As Bad Bunny Heads to the Super Bowl, Here’s a Reminder That Puerto Ricans Are US Citizens

Bad Bunny Graces the Cover of TIME Magazine's First Spanish-Language Edition
Kevin9625Ja, CC BY-SA 4.0 , via Wikimedia Commons

Bad Bunny will headline the Super Bowl halftime show on February 8 in Santa Clara, a booking that places one of Puerto Rico’s most influential artists on the largest stage in U.S. entertainment while reopening a familiar question for many Puerto Ricans living on the mainland, which is how visible you can become before your belonging is quietly measured.

In recent days, federal immigration agents confirmed they will be present outside Levi’s Stadium as part of routine security operations connected to the event, a detail that entered the conversation around the performance even though the Super Bowl is known for drawing corporate executives, celebrities, and fans who often pay thousands of dollars for a single seat.

The announcement has prompted a broader reflection on what it means for a Puerto Rican artist to headline this type of institution while carrying an identity shaped by laws most viewers rarely consider.

Bad Bunny On One of the Largest Stages in the U.S.

Bad Bunny built his career without translating himself for the industry, choosing to keep his language and cultural references intact as his audience grew.

Born Benito Antonio Martínez Ocasio in Vega Baja, Puerto Rico, he released his first music online while working in a grocery store, then moved through Latin trap, reggaeton, and pop without reshaping his accent or softening his point of view. His albums remain in Spanish. His interviews often move between humor and blunt honesty. His visuals draw from island life and the complicated experience of growing up under a US flag that rarely feels reciprocal.

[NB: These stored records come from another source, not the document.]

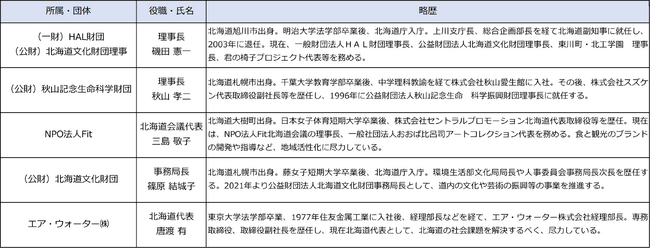 北海道の自治体向け寄付支援制度「ふるさと応援H（英知）プログラム」2023年度分の寄付先決定のお知らせ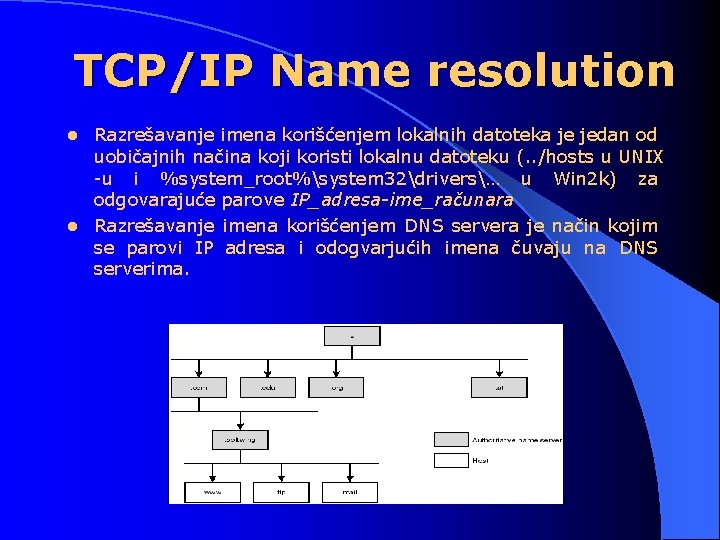 TCP/IP Name resolution Razrešavanje imena korišćenjem lokalnih datoteka je jedan od uobičajnih načina koji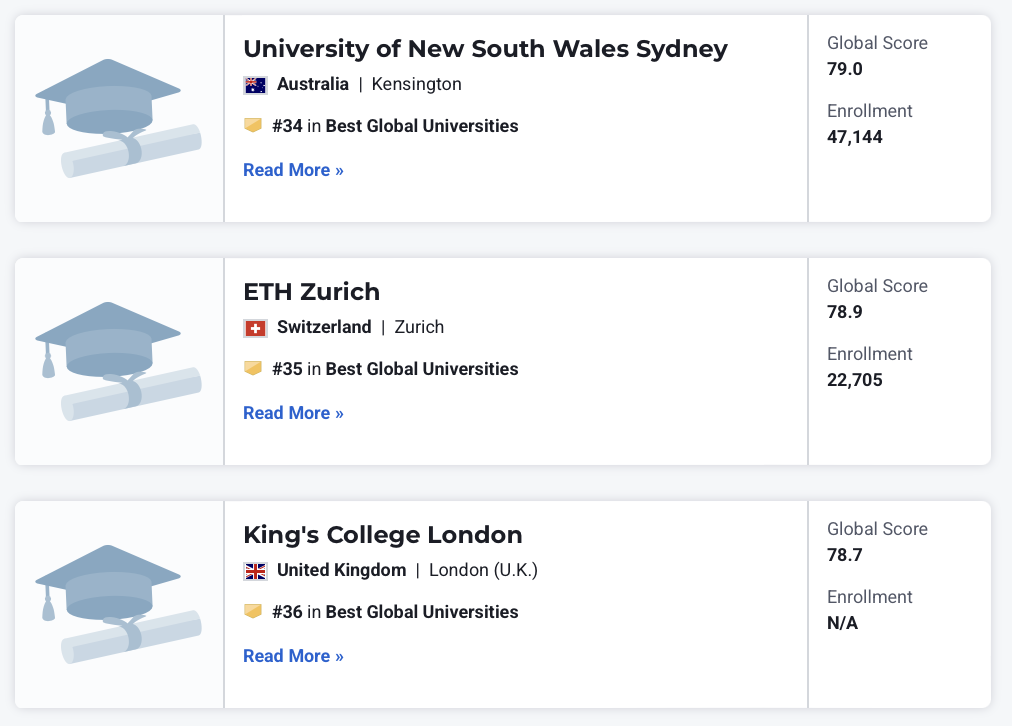 重磅！U.S. News2026世界大学排名发布！UCL英国第三！清华再创新高！
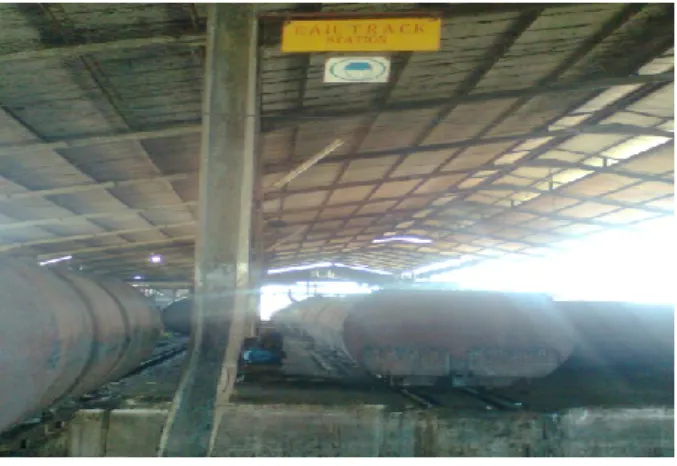 Gambar 12 . Rail track 
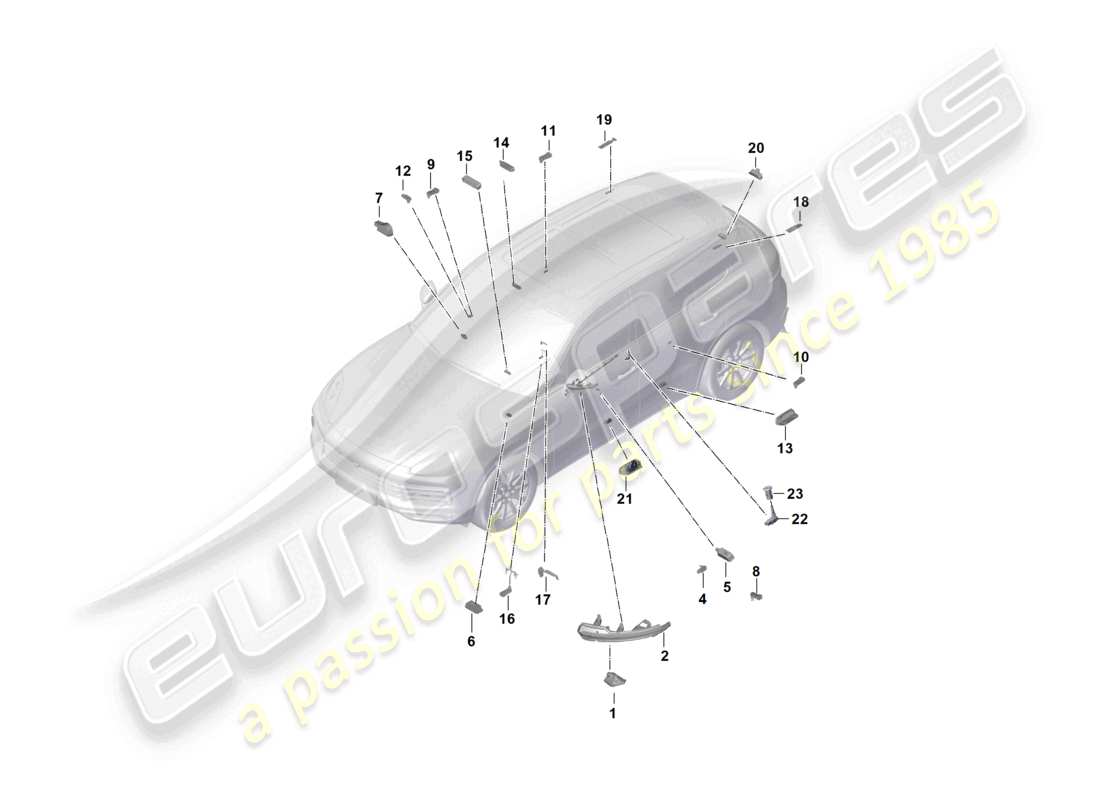 porsche 2021 (cayenne e3 9ya/9yb) éclairage intérieur lampe de coffre à bagages voyant d'avertissement de porte éclairage du plancher lumière rétroviseur extérieur schéma des pièces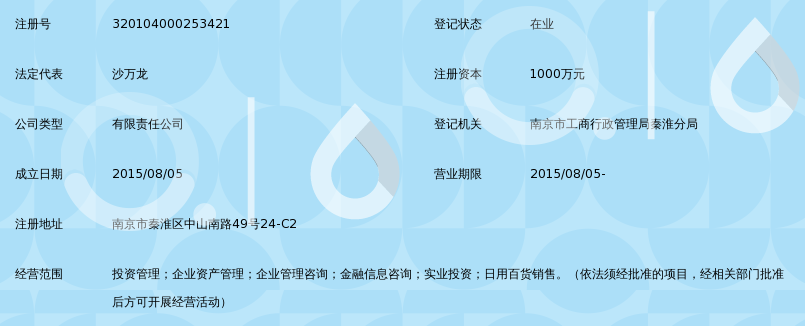 江蘇上臣璟鑫投資管理 深耕實(shí)業(yè)投資的戰(zhàn)略伙伴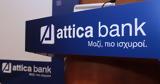 Σχέδιο Β, Αttica Bank,schedio v, attica Bank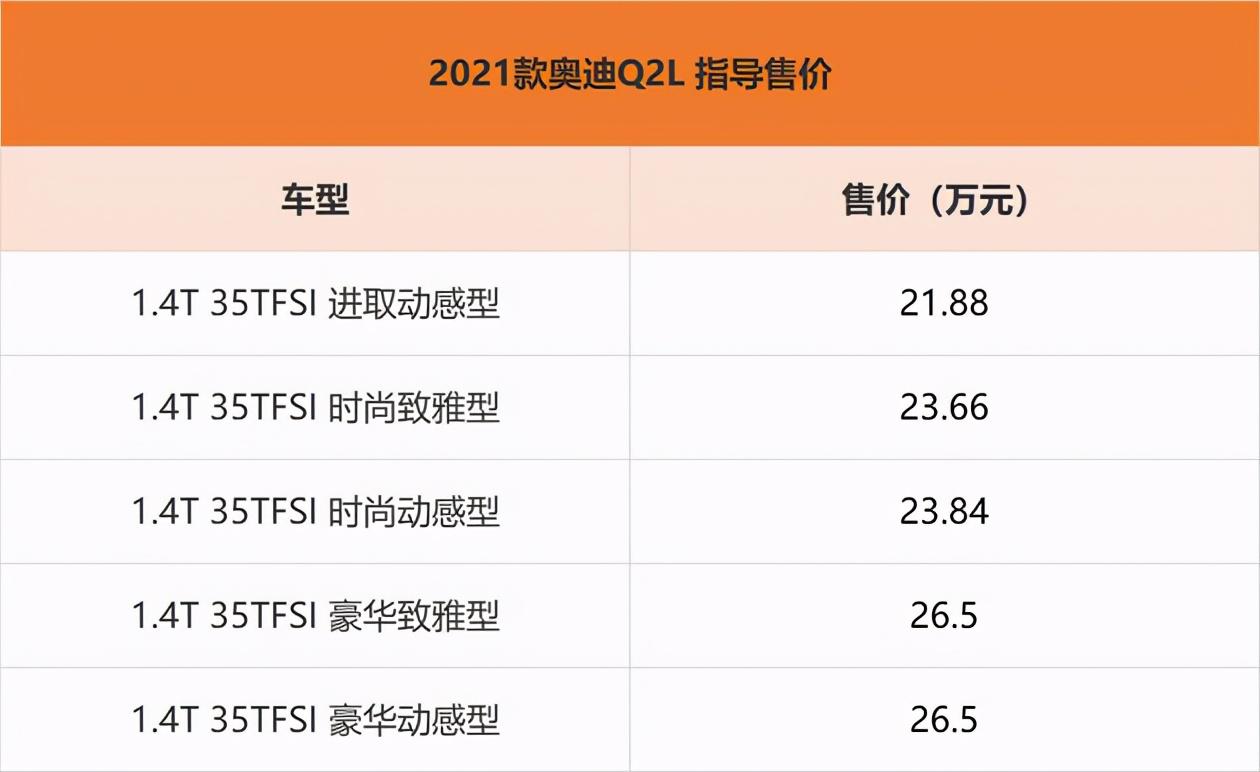 2021款奥迪q2l上市 售价21.88-26.50万元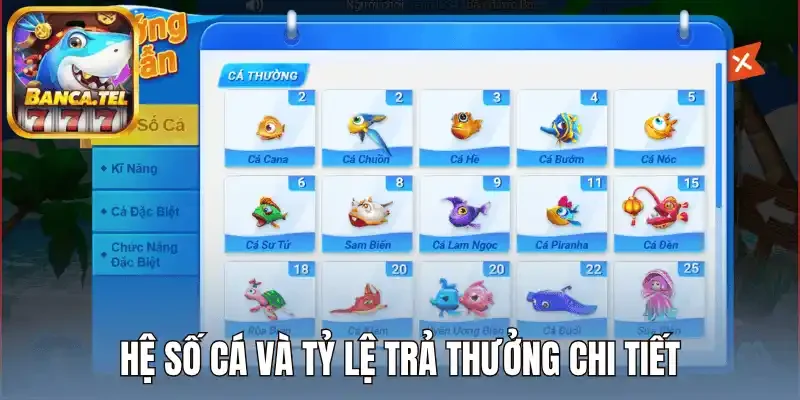 Hệ số cá và tỷ lệ trả thưởng chi tiết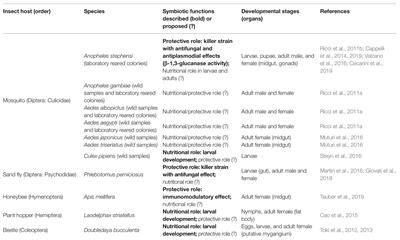 Wickerhamomyces anomalus in Mosquitoes: A Promising Yeast-Based Tool for the “Symbiotic Control” of Mosquito-Borne Diseases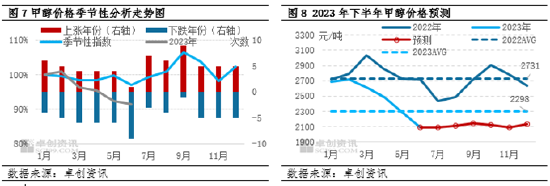 卓创资讯【甲醇】:上半年震荡下跌 下半年或筑底回升
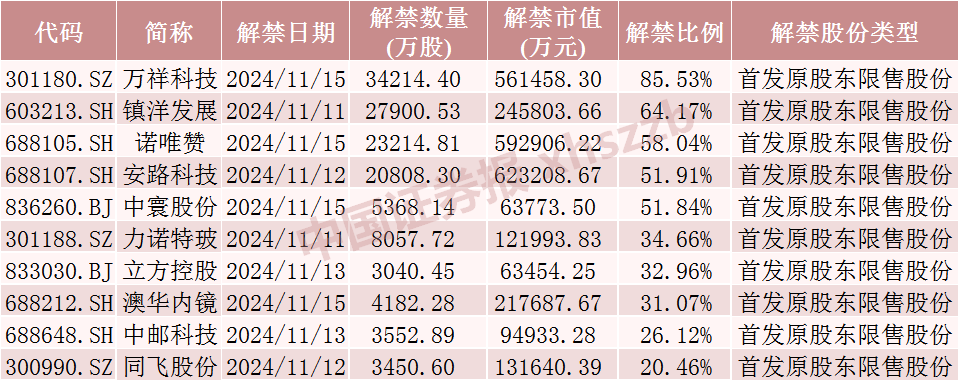 中国东航解禁市值超100亿元，为定向增发机构配售股份，最新股价比定增价格低7.37%，参与机构浮亏7亿元  第4张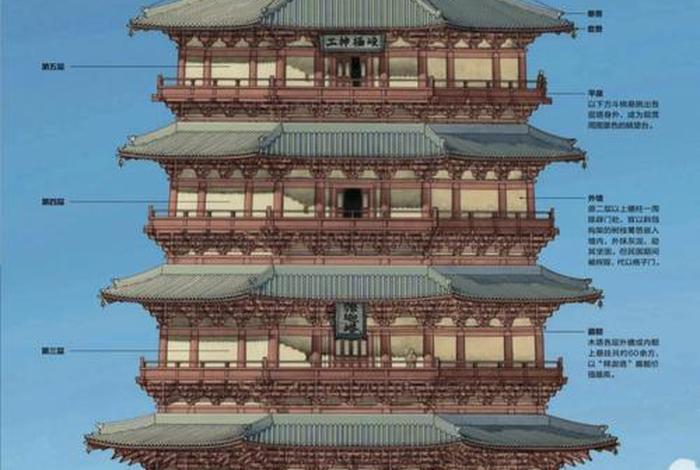 应县木塔讲解 - 应县木塔讲解词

The Super Bowl halftime show has long functioned as a cultural checkpoint where artists are expected to feel universally comfortable. However, Bad Bunny does not adjust himself to fit that expectation. Instead, his popularity developed on his own terms, and his presence asks audiences to meet him there.

What the Jones Act made official

Puerto Rico came under United States control in 1898 after the end of Spanish rule, though people born on the island remained legally separate from the rest of the country for years.

In 1917, Congress passed the Jones Act, granting United States citizenship to Puerto Ricans. That law allowed people born on the island to move freely to the mainland, work without visas, serve in the military, and hold U.S. passports. It also placed Puerto Rico under federal authority without granting full political power.

Puerto Ricans vote in party primaries and pay federal payroll taxes. Yet, they cannot vote for president unless they live in a state, and they have no voting representation in Congress.

As you can see, their citizenship arrived with boundaries written into it.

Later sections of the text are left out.